[WHAT THE TASK REQUIRES]: The reply must contain exactly the lines below from the one with "WOOPIE Set 4" down to the one with "New MAC Solenoid", both included, and nothing more; please omit the pictures.

** TASK DATA follows **

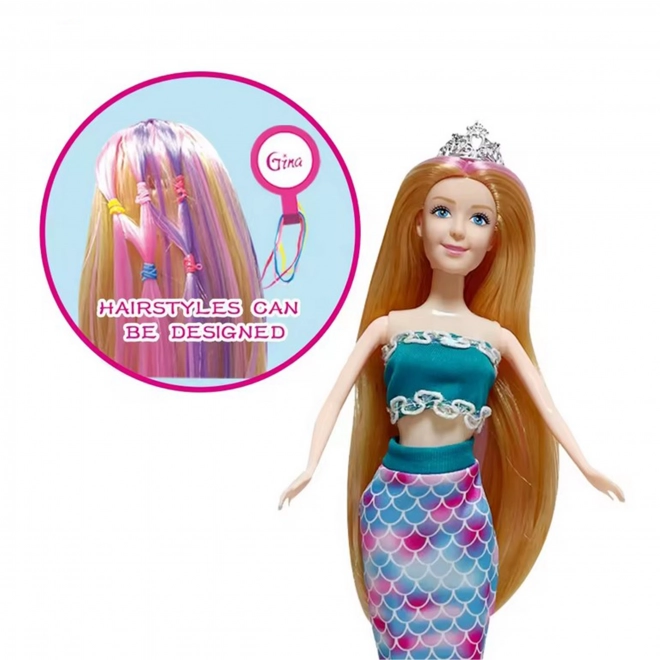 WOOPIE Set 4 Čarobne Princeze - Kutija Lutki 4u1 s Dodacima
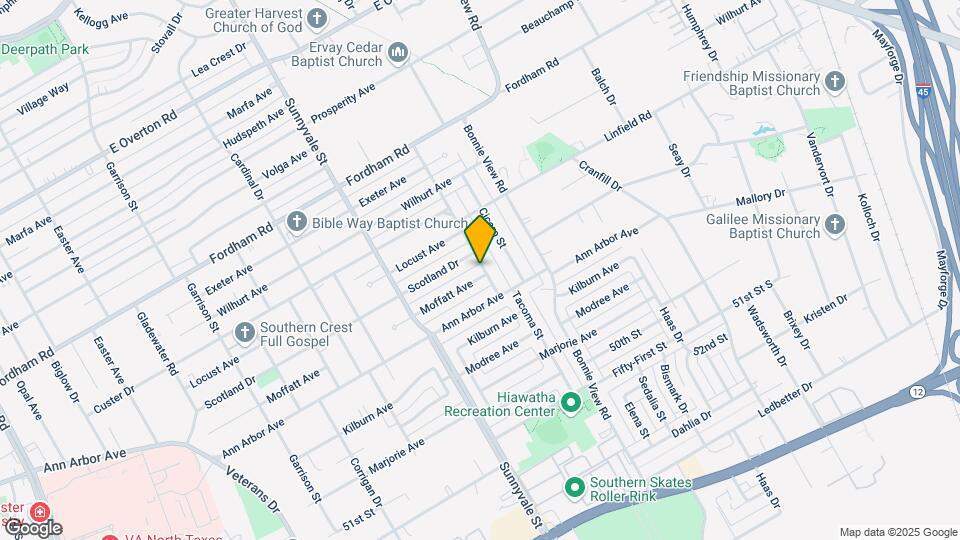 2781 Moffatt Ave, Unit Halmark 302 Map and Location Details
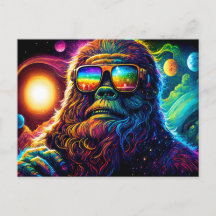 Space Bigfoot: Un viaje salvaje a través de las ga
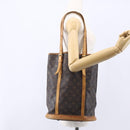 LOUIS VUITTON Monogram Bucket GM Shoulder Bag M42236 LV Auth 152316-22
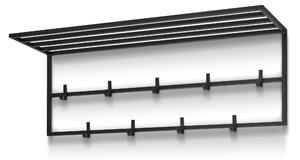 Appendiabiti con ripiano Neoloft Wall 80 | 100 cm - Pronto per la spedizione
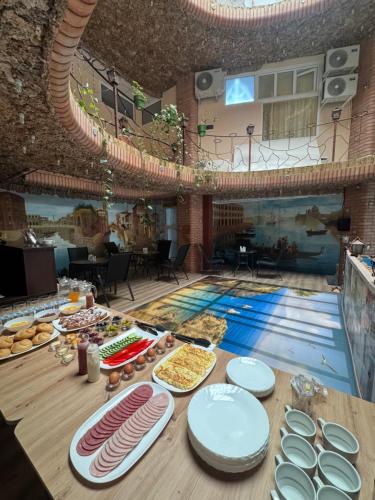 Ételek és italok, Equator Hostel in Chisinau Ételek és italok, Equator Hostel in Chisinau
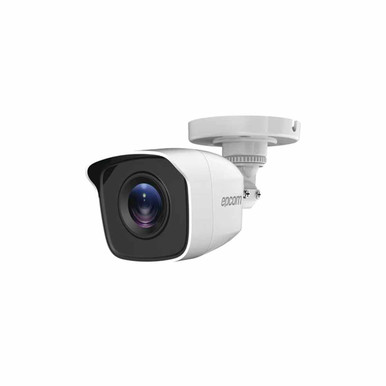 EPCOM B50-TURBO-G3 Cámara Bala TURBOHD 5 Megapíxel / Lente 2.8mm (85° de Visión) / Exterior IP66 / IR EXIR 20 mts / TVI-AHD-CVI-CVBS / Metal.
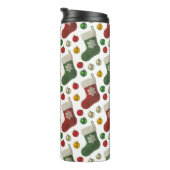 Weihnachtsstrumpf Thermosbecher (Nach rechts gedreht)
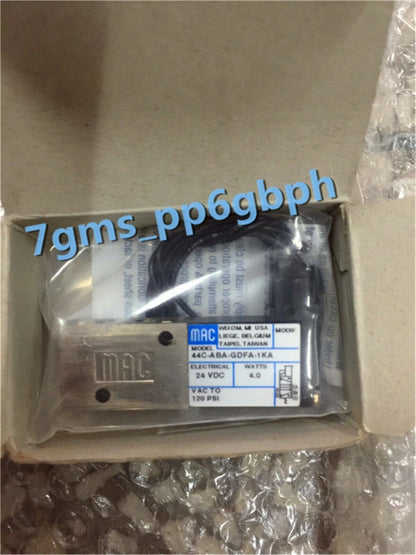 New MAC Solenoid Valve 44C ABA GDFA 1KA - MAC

** End of TASK DATA **
** TASK DATA follows **

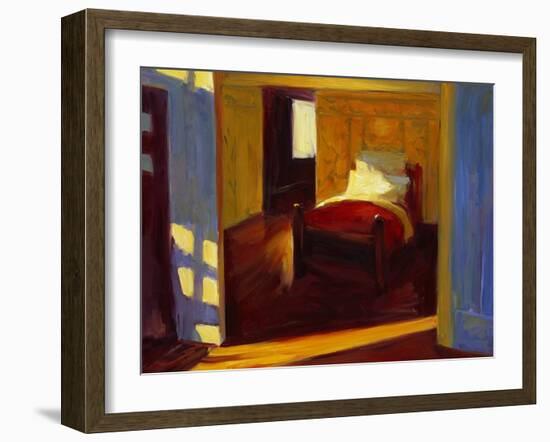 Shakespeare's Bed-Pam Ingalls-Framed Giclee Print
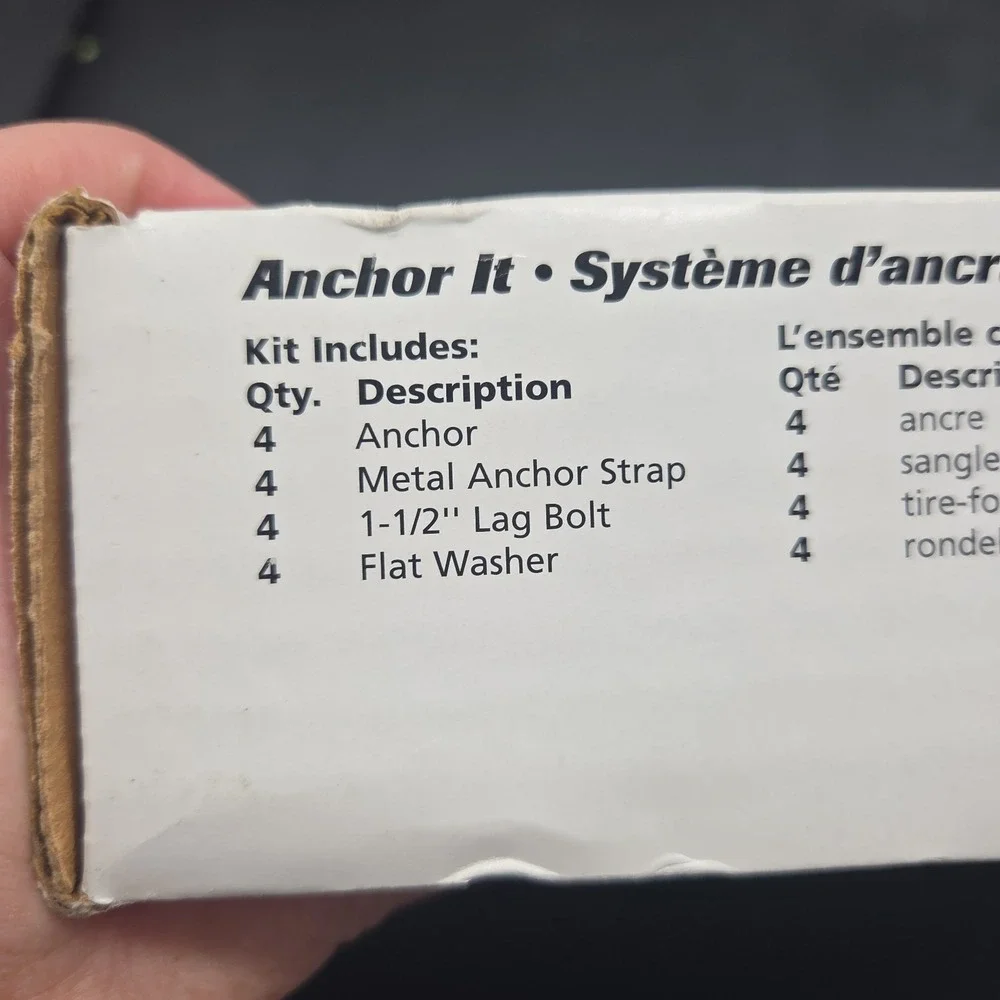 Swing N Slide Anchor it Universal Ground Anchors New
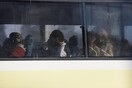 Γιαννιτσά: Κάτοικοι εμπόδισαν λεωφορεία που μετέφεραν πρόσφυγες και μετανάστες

** End of TASK DATA **
** TASK DATA follows **

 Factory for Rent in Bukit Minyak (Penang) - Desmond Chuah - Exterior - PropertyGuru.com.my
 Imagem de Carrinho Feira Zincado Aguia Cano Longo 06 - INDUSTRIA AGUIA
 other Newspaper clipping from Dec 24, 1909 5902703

** End of TASK DATA **

[RESULT]:
 WOOPIE Set 4 Čarobne Princeze - Kutija Lutki 4u1 s Dodacima
 2781 Moffatt Ave, Unit Halmark 302 Map and Location Details
 Space Bigfoot: Un viaje salvaje a través de las ga
 LOUIS VUITTON Monogram Bucket GM Shoulder Bag M42236 LV Auth 152316-22
 Appendiabiti con ripiano Neoloft Wall 80 | 100 cm - Pronto per la spedizione
 Ételek és italok, Equator Hostel in Chisinau Ételek és italok, Equator Hostel in Chisinau
 EPCOM B50-TURBO-G3 Cámara Bala TURBOHD 5 Megapíxel / Lente 2.8mm (85° de Visión) / Exterior IP66 / IR EXIR 20 mts / TVI-AHD-CVI-CVBS / Metal.
 Weihnachtsstrumpf Thermosbecher (Nach rechts gedreht)
 New MAC Solenoid Valve 44C ABA GDFA 1KA - MAC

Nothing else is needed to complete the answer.